8. Test instrumentation and chaos

For really stubborn races, instrument the system under test with hooks:

type Server struct {
    OnAccept func(conn net.Conn)
    OnRead   func(buf []byte)
    OnError  func(err error)
}

The test injects hooks that record events, sleep at adversarial moments, or panic on demand:

s.OnAccept = func(c net.Conn) {
    // Force the accepted goroutine to wait, raising the chance of contention.
    <-start
}

This is not time.Sleep — it is a deliberate scheduling point you control. The hook makes a race more likely; the test fails deterministically when it does.

Libraries like gleak-style packages (uber-go's gleak, gnatsd's chaos hooks) generalise this.


9. Negative testing: "this should leak"

Occasionally you want to verify that a bug leaks a goroutine, before fixing it. Reverse goleak:

func TestParserLeaksOnError(t *testing.T) {
    before := runtime.NumGoroutine()
    _, err := Parse(brokenInput)
    if err == nil {
        t.Fatal("expected error")
    }
    runtime.GC()
    time.Sleep(50 * time.Millisecond)    // let leaked goroutine settle
    after := runtime.NumGoroutine()
    if after <= before {
        t.Errorf("expected leak: before=%d after=%d", before, after)
    }
}

This uses time.Sleep deliberately — the test is about a leak that may take a moment to manifest. The 50 ms is bounded; the failure mode is clear. Acceptable in this niche.


10. WaitGroup in fuzzing

go test -fuzz runs the fuzz target millions of times. Inside the fuzz body, concurrent goroutines work the same as in tests:

func FuzzConcurrent(f *testing.F) {
    f.Fuzz(func(t *testing.T, input []byte) {
        const N = 4
        var wg sync.WaitGroup
        wg.Add(N)
        for i := 0; i < N; i++ {
            i := i
            go func() {
                defer wg.Done()
                _ = parseSlice(input, i)
            }()
        }
        wg.Wait()
    })
}

The race detector under fuzz is one of the most powerful bug-finding combinations in Go. A fuzz seed plus a start barrier plus 24 hours of CPU time will find races no other tool can.

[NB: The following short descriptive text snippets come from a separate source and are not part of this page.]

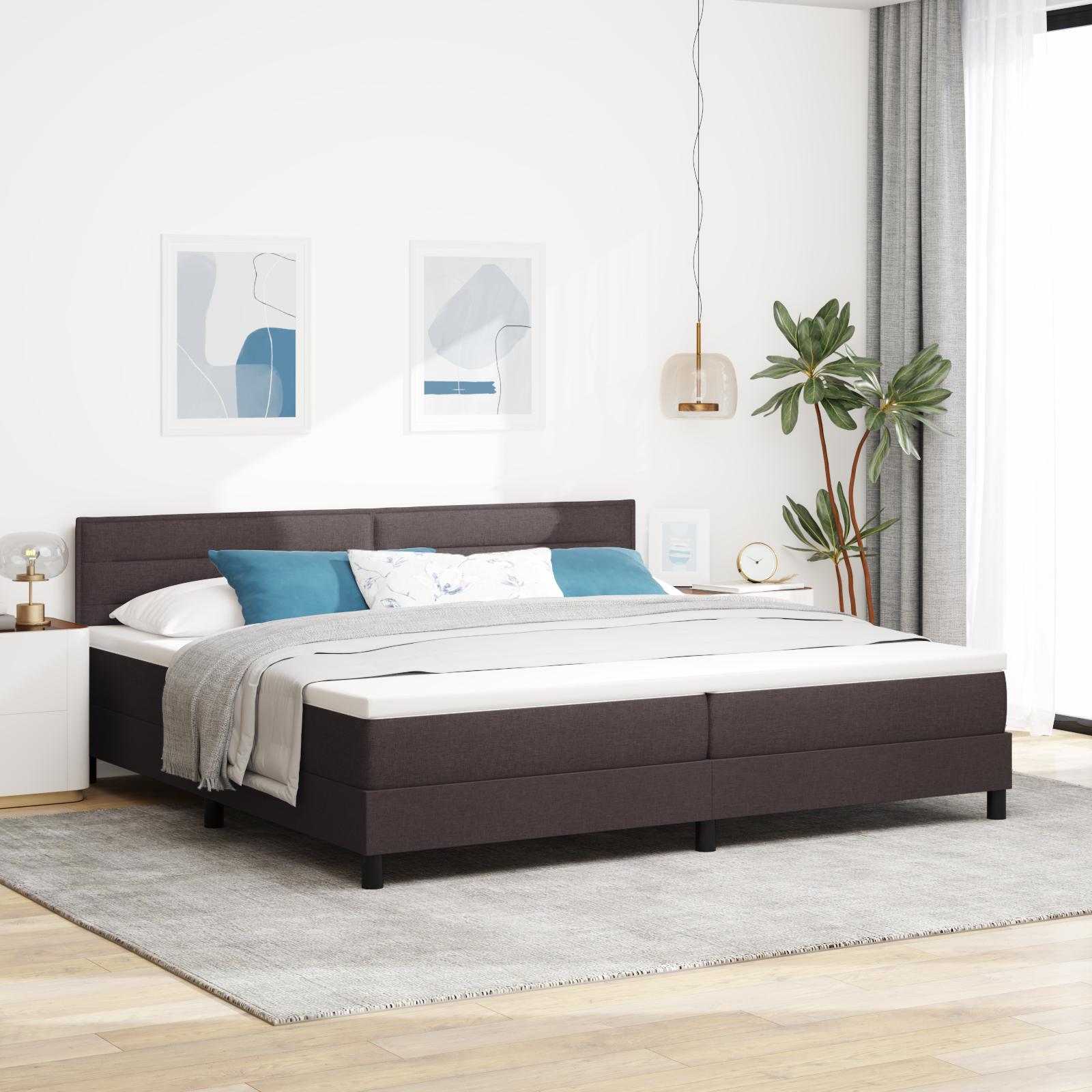 Kontinentalseng med madras med LED Mørk Brun 200 x 200 cm Stof billede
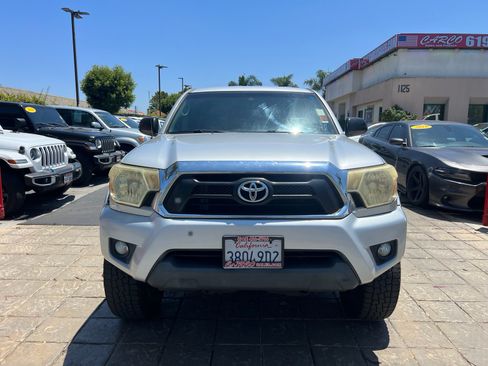 Used 2013 Toyota Tacoma PreRunner w/ SR5 Pkg RWD image 2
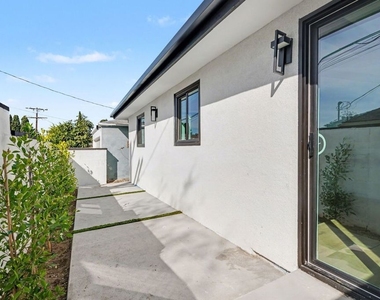 2831 Overland Avenue - Photo Thumbnail 29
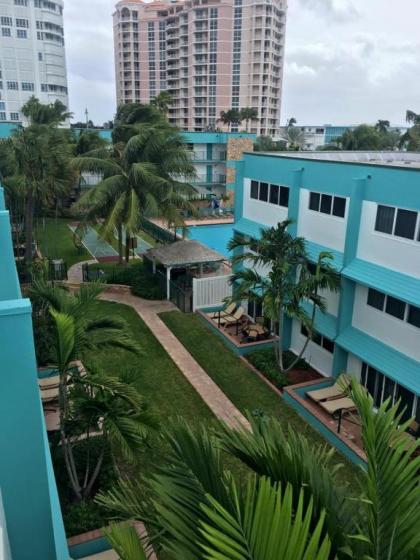 Surf Rider Resort - image 5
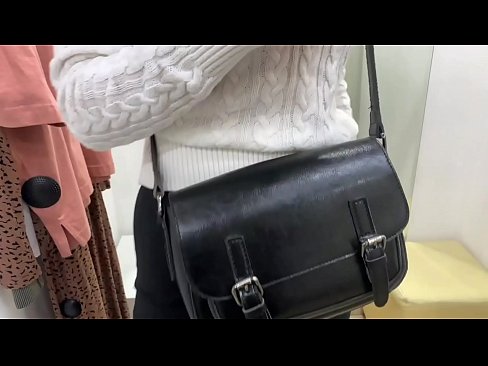 ❤️ Masturbim publik i kurvës së re FeralBerry me një dildo në dhomën e montimit ️❌ Video anale tek ne ❤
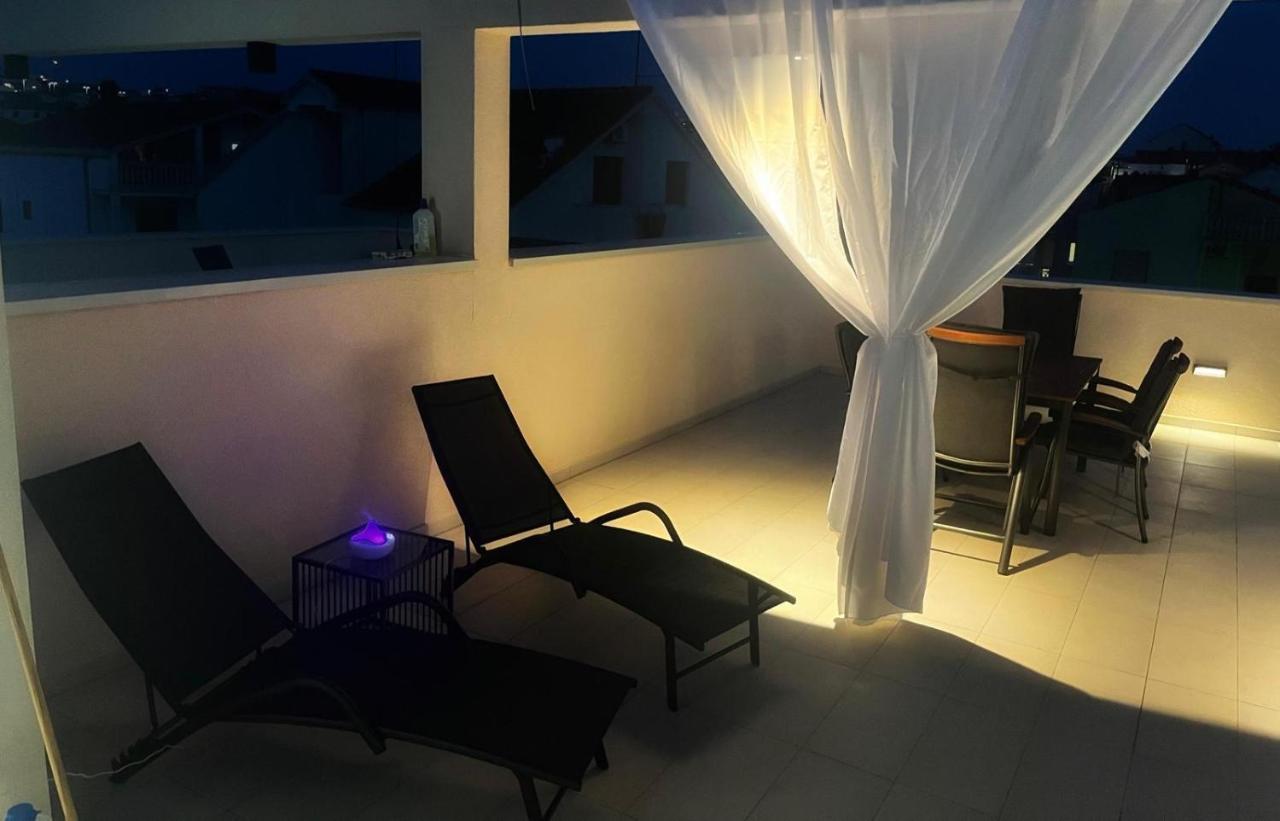 Apartamento Olive Oasis Penthouse With Jacuzzi Zadar Exterior foto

11. Engineering the project-wide policy

A mature Go project has written rules:

  1. Every _test.go file in package pkg may import pkg/internal/testutil.
  2. testutil provides WaitTimeout, StartBarrier, RaceTest, Eventually, NoLeak. No other wait primitives are allowed.
  3. time.Sleep is banned in tests outside testutil. Enforced by a staticcheck analyzer or a custom linter.
  4. Every package has TestMain calling goleak.VerifyTestMain.
  5. CI runs go test -race -count=3 on every PR.
  6. Nightly runs go test -race -count=100 and pages on any failure.

Encoded as a lint rule:

// banned identifiers
forbidigo:
  - identifier: time.Sleep
    msg: "use testutil.Eventually or testutil.WaitTimeout instead"
    exclude:
      - "**/internal/testutil/**"
      - "**/*_real_io_test.go"

Now the rules enforce themselves. Future engineers write barrier-based tests by default.


12. Summary

At the professional level, WaitGroup-in-tests is no longer a pattern — it is a policy. You read the standard library's implementation, you know the cost of every helper, you build harnesses that hide the synchronisation for everyday tests while exposing it for the tests that exercise concurrency itself. You ship a testutil package and a lint rule that bans time.Sleep. You run -race -count=100 nightly. Most importantly, you treat every flake as a real bug, never as an inconvenience to skip past. The goal is not "tests usually pass." The goal is "tests always pass, or they always fail, and the failure points at the bug."